Senza questi fondi pubblici elargiti a pioggia alle imprese il bilancio del Jobs Act sarà peggiore.
Com’è evidente sin dall’inizio, infatti, una volta terminati gli incentivi, l’occupazione tornerà a livelli confacenti a un periodo di crescita senza occupazione fissa, deflazione e stagnazione.
Ovvero, alla situazione che Renzi, Padoan e il governo tutto hanno cercato di nascondere mettendo in circolo poco più, poco meno, di 10 miliardi di euro per un triennio di risorse pubbliche ad uso di privati. «Il tonfo del Jobs Act è ormai certificato» sostiene Arturo Scotto, capogruppo alla Camera di Sinistra Italiana». «Ministero reo confesso, il Jobs Act è un fallimento» concludono i parlamentari Cinque Stelle.

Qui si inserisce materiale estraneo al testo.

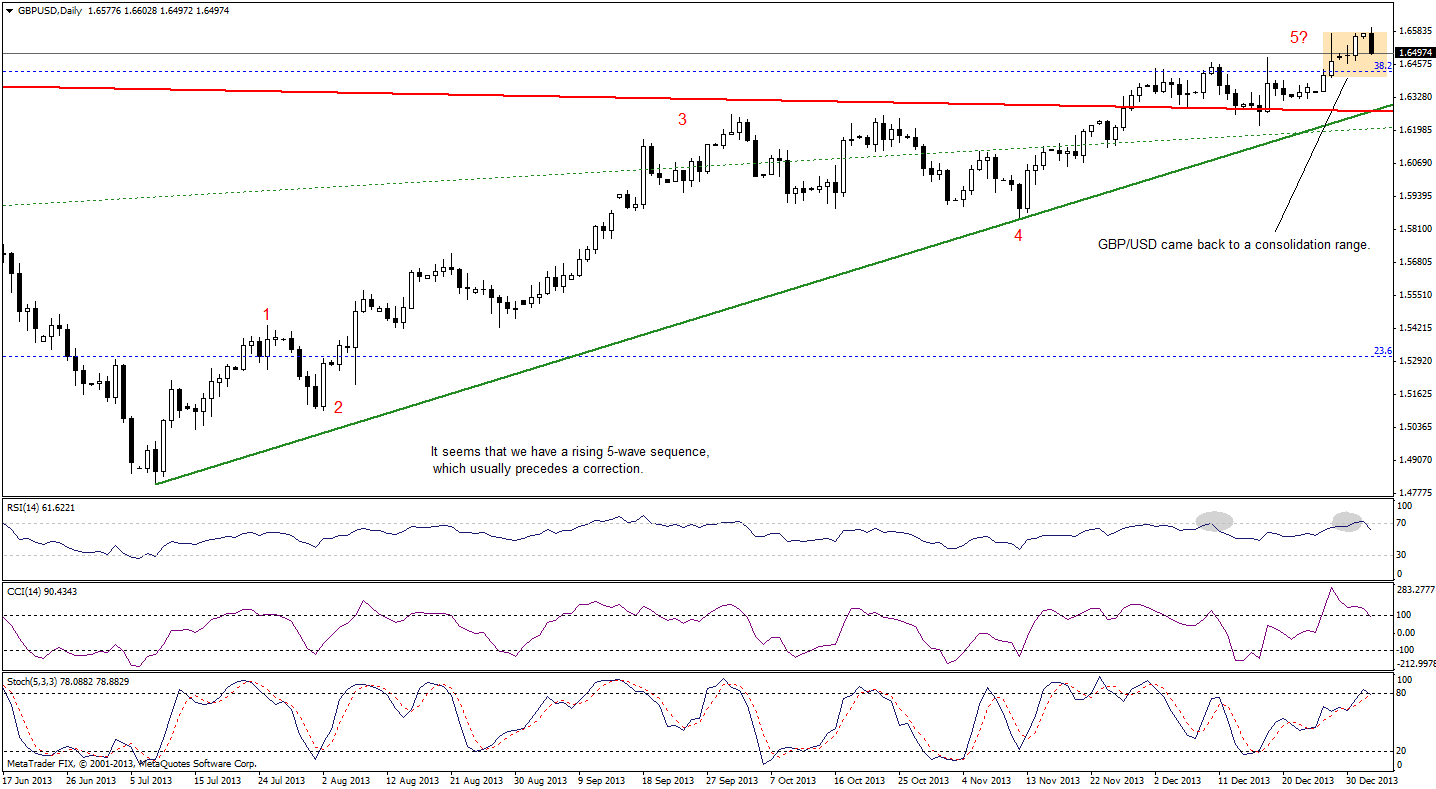 GBP/USD daily chart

Cesare Damiano (Pd) ritiene che sia venuto «il momento di porsi seriamente il problema della manutenzione del Jobs Act. è prematuro decretare la morte». Probabilmente è vero: la renzianissima riforma è uno zombie agitato nei vertici europei per chiedere la grazia della «flessibilità».
Ai danni dei precari e disoccupati. I sindacati sono preoccupati. Per il segretario confederale Giuglielmo Loy «occorre ancora dare ossigeno all’unico strumento di tutela per imprese e lavoratori, la cassa integrazione, rendendola più flessibile nella durata».
Per tutti gli altri non coperti da questa misura occorrerebbe un reddito di base. Ma nel paese delle riforme del lavoro «non-ancora-morte» e della crescita-raso-zero nessuno si pone il problema delle tutele universali.